Strongly-Correlated and Open-Shell Organic Materials

This program is developing the fundamental chemistry of charge neutral π-conjugated macromolecular chemistries with tunable open-shell electronic configurations.

These materials exhibit weaker intramolecular electron-electron pairing than their closed shell counterparts, which imparts distinct optical, electronic, spin, transient, and magnetic properties.

In extended electronically delocalized systems, such as graphene and polyradicals such as zigzag edge graphene nanoribbons, remarkable properties develop as a result of the collective properties of π-electrons and long range electronic, structural, magnetic, excited, and quantum states emerge.

Approaches to access and tune large π-systems with correlated ground states are necessary to advance our fundamental understanding of the relationship between molecular structure, electronic topology, and the achievable collective properties of complex materials systems; however, there are currently no design paradigms by which to achieve this level of control.

Our approach capitalizes on new technology, which affords systematic and precise control of the properties of conjugated polymers at very narrow band gaps. Narrow band gaps afforded through extended conjugation are intimately related to the coexistence of nearly degenerate states, which can be tuned through synthetic design. In contrast to conventional approaches, extended electronic character, band gap control at low energies, and the molecular size of polymers affords new design elements by which to access, stabilize, and tune these electronic configurations. 

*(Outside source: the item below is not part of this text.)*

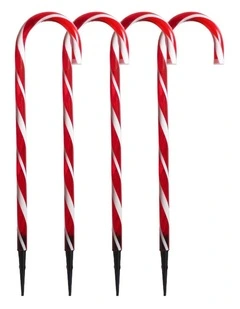 Set of 4 Connectable Candy Cane - Red & White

This project represents a transformative departure by making use of the long-range collective properties of conjugated π-electrons as a design paradigm to access new electronic structures.

The discontinuity in the structure and dynamics of these materials is a manifestation of increasing electron correlations and, similar to their inorganic counterparts, leads to new emergent properties.

Furthermore, these materials are multiscale in their characteristic energy, length, and time scales and fundamental excitations span the ultraviolet-visible-IR (intra- and intermolecular excited state transitions) and microwave (between different spin states).

The combination of these unique aspects: modularity, novel physics, and easy manipulation are enabling new optoelectronic and device functionalities that cannot be realized with current semiconductor technologies.